⟨

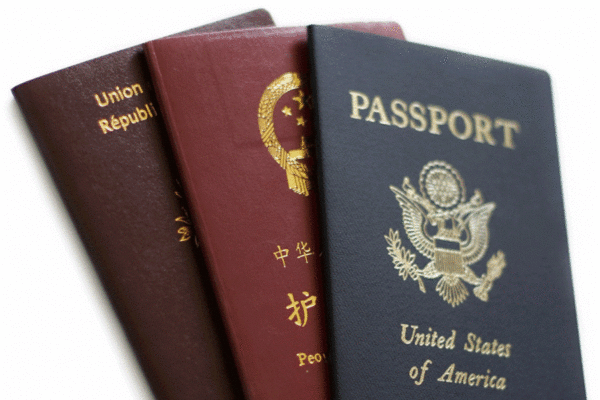 Паспорта разных стран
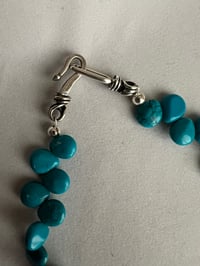 Image 3 of Turquoise Teardrop Necklace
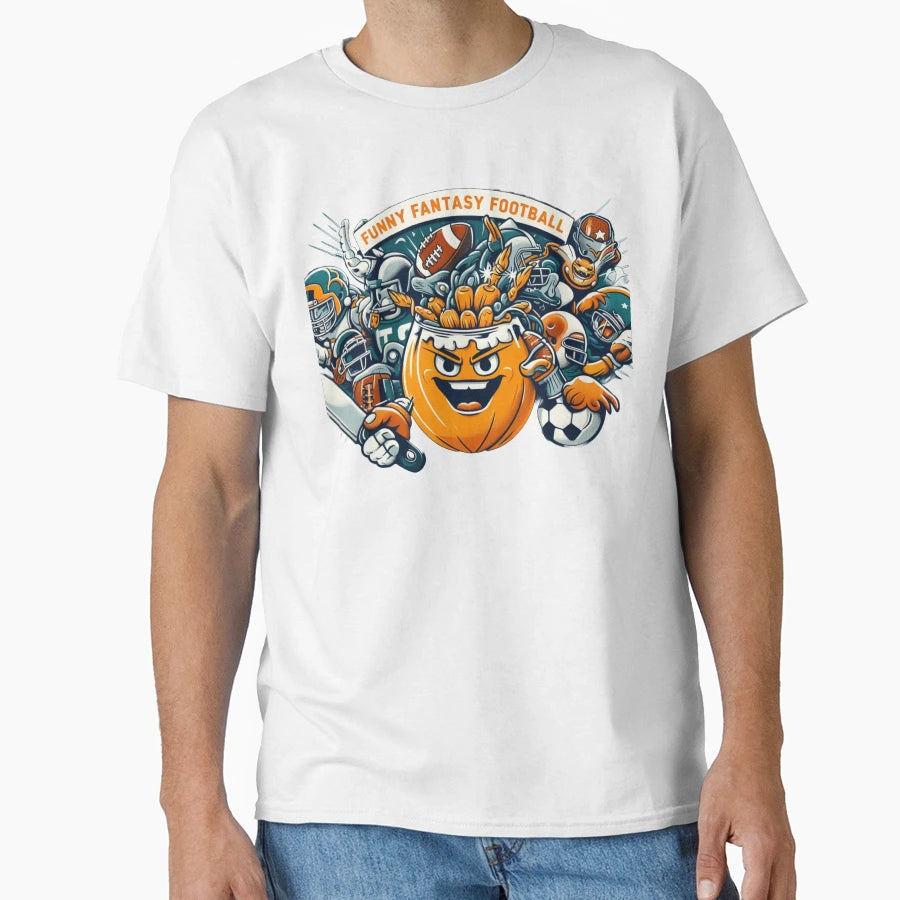 Funny Fantasy Football T-Shirt - Unique Graphic for Adults - T-Shirt, Sweatshirt, Hoodie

⟩

WHAT TO WORK ON:
Images are to be skipped, and each line above is to be returned exactly.

YOUR RESPONSE:
 Паспорта разных стран
 Image 3 of Turquoise Teardrop Necklace
 Funny Fantasy Football T-Shirt - Unique Graphic for Adults - T-Shirt, Sweatshirt, Hoodie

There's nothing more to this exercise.